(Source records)
-------
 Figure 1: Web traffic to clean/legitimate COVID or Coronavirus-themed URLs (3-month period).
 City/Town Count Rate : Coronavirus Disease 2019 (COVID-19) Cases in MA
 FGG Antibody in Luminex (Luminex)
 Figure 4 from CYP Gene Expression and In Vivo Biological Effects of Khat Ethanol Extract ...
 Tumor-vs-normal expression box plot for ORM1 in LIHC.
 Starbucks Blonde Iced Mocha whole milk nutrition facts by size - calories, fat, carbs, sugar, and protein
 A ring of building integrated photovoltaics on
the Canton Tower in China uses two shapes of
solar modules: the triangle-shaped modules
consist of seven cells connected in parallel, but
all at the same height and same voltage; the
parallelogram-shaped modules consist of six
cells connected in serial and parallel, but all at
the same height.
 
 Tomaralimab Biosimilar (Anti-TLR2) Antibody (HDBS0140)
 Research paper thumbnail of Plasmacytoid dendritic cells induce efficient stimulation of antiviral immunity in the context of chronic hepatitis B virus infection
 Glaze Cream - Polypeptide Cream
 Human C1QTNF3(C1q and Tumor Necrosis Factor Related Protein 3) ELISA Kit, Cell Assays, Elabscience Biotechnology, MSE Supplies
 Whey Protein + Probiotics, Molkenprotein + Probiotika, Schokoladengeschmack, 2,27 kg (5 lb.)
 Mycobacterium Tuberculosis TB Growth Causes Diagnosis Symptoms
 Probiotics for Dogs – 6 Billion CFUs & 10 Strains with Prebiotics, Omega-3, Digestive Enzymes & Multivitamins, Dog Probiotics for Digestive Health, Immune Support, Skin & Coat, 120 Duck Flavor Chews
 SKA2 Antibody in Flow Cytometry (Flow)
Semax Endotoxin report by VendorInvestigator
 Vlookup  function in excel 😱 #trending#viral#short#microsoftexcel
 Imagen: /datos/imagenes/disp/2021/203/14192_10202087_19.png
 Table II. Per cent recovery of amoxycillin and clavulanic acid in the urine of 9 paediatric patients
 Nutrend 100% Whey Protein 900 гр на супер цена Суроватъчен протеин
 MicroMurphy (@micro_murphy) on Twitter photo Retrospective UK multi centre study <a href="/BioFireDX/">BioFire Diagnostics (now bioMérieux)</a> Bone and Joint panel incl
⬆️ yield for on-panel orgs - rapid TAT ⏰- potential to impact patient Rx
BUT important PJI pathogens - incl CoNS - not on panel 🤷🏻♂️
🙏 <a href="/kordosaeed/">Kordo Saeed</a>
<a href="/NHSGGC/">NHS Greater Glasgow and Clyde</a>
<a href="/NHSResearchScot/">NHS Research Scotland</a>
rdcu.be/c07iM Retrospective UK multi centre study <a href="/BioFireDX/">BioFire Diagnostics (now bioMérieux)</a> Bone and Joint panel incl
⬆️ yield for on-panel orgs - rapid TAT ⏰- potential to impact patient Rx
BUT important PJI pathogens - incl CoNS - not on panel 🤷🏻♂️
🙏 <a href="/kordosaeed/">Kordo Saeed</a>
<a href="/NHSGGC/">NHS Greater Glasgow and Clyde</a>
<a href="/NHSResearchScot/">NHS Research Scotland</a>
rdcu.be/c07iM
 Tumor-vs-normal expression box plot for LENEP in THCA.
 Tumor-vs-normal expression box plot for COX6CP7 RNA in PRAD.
-------
**WHAT IS NEEDED**.
The lines to copy are those above that contain the string "study".

**COMPLETED EXERCISE**.
 MicroMurphy (@micro_murphy) on Twitter photo Retrospective UK multi centre study <a href="/BioFireDX/">BioFire Diagnostics (now bioMérieux)</a> Bone and Joint panel incl
rdcu.be/c07iM Retrospective UK multi centre study <a href="/BioFireDX/">BioFire Diagnostics (now bioMérieux)</a> Bone and Joint panel incl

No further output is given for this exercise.